Can a fractal be a manifold? if so: will its boundary (if exists) be strictly one dimension lower?

So it is weekend! and I am reading a nice book, "The Poincaré conjecture", written by a mathematician (Donal O'Shea, topologist). The book introduces step by step basic concepts of Topology, and talks about the mathematical advances since Poincaré stated the conjecture up to the moment it was demonstrated, providing a glimpse of the solution that Perelman gave to the conjecture. It is not technical, narrative, a very light reading.

My question is about the following: when the author defines a manifold, states that "if a manifold has a boundary, its boundary will be one dimension lower".

Then I thought about fractals, for instance: can a fractal be a manifold? (I understand that manifold means the same as "surface" in this context) and then, if the answer is yes, then if it has boundaries, are the boundaries strictly one dimension lower?

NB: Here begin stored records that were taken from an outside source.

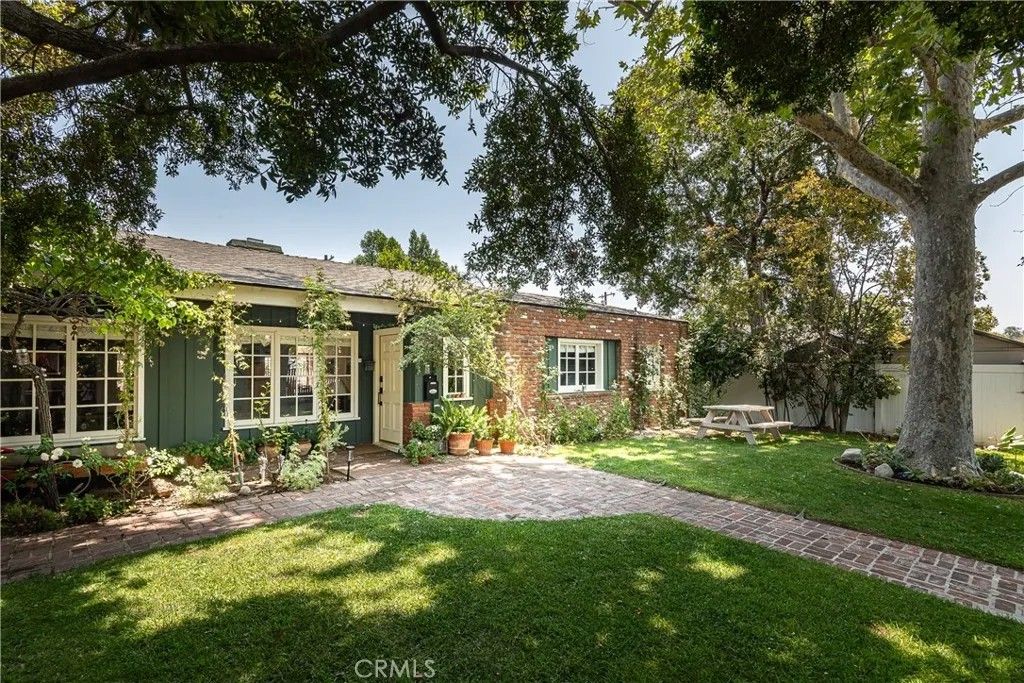 Photo of 5108 Strohm, North Hollywood, CA 91601 (MLS # GD26049650)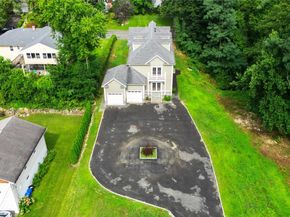 1 Kewanee Road, New Rochelle NY 10804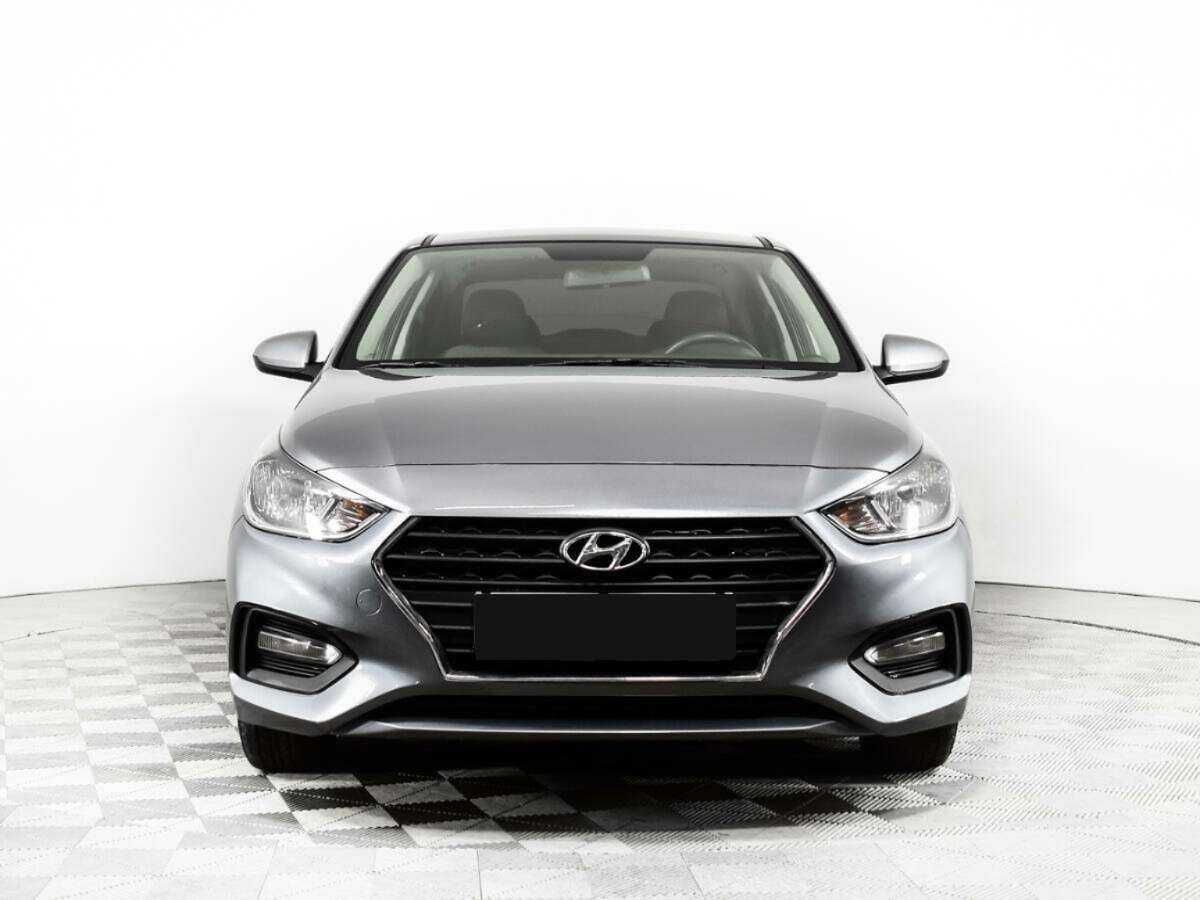 Hyundai Solaris с пробегом — 2017 год. Фото: #1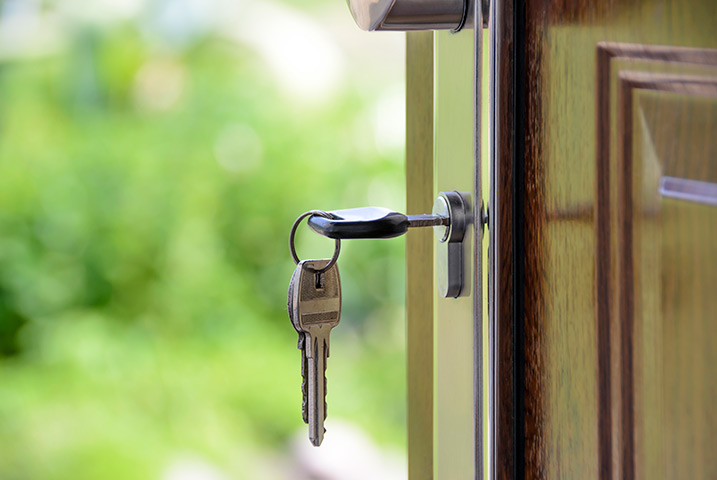 A2B Locks are able to provide local locksmiths in Dulwich Village to repair your broken locks. 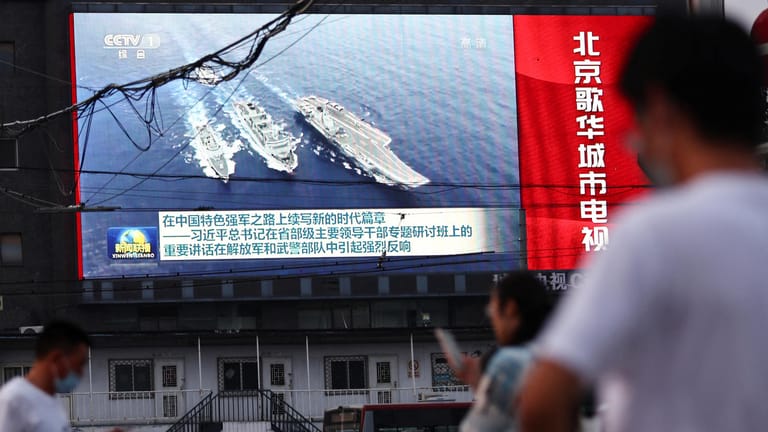 Ein Bildschirm in Beijing zeigt Schiffe der chinesischen Marine: Das Land reagiert mit Drohungen auf den Taiwan-Besuch von Nancy Pelosi.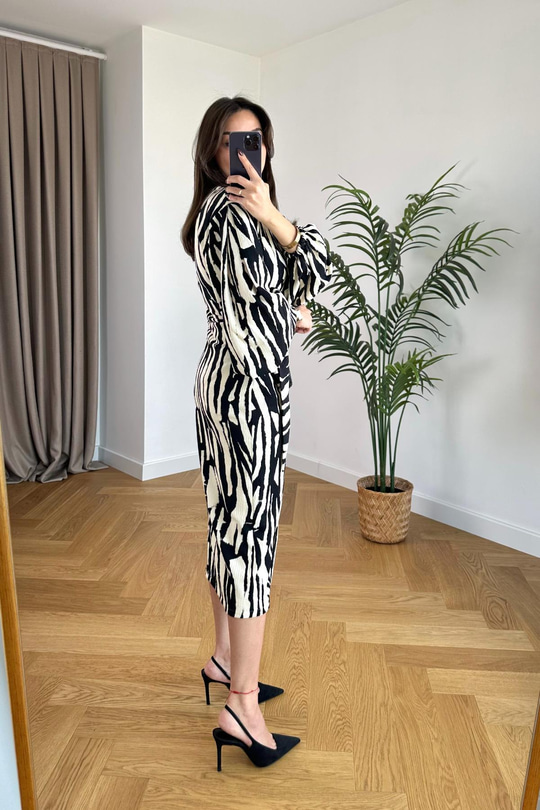 Elissa Siyah Desenli Kruvaze Elbise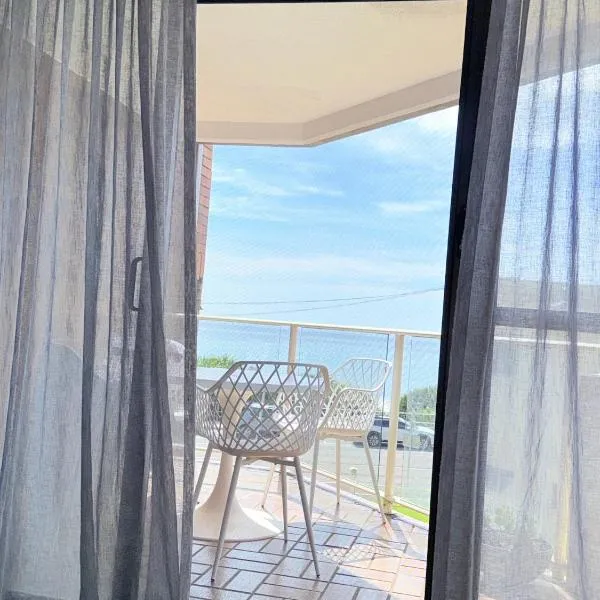 2Bdr Beachfront Apartment - First Bay Coolum, hotelli kohteessa Coolum Beach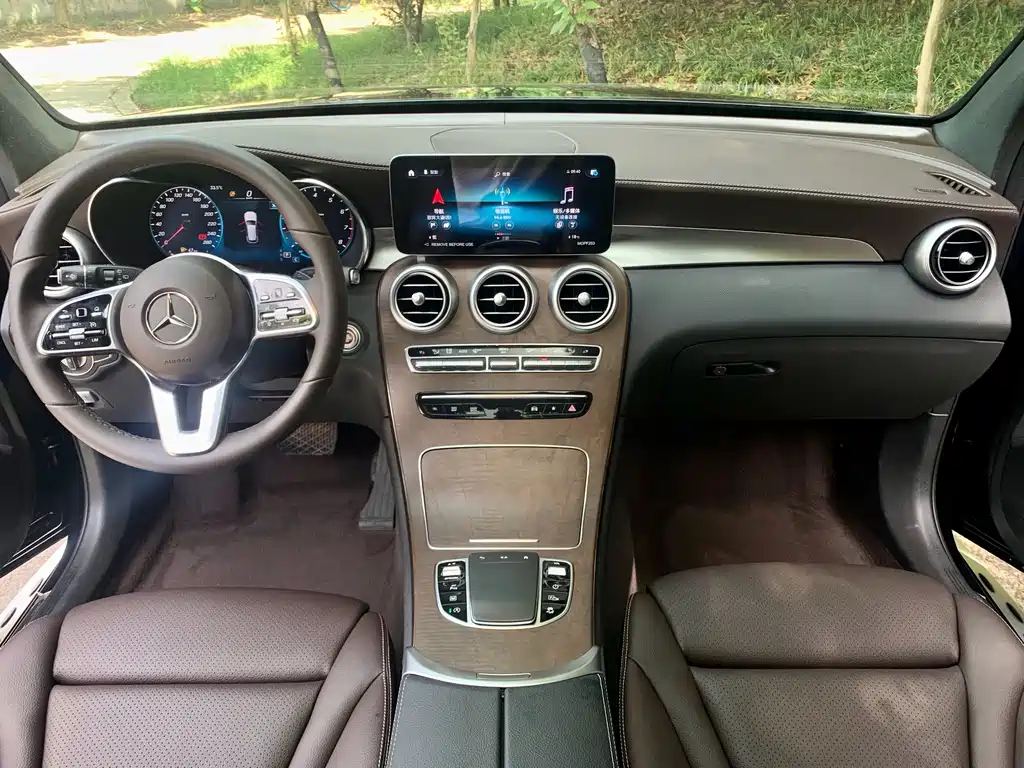 Mercedes-Benz GLC 2023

My beginner doubt is basically if the statement of the author would be still valid in that case. Maybe I am confusing the "fractal dimension" concept with the generic "dimension" concept.

Thank you!

UPDATE 2015/08/28

There is a very nice follow-up on this question, with an interesting explanation as well by another user here (link).


If you mean a set whose fractional Hausdorff measure is finite and non-zero, then this will not be a manifold. But it will have a topological boundary. That won't be a manifold boundary because it isn't a manifold. Not in the usual sense of the word "manifold" anyway.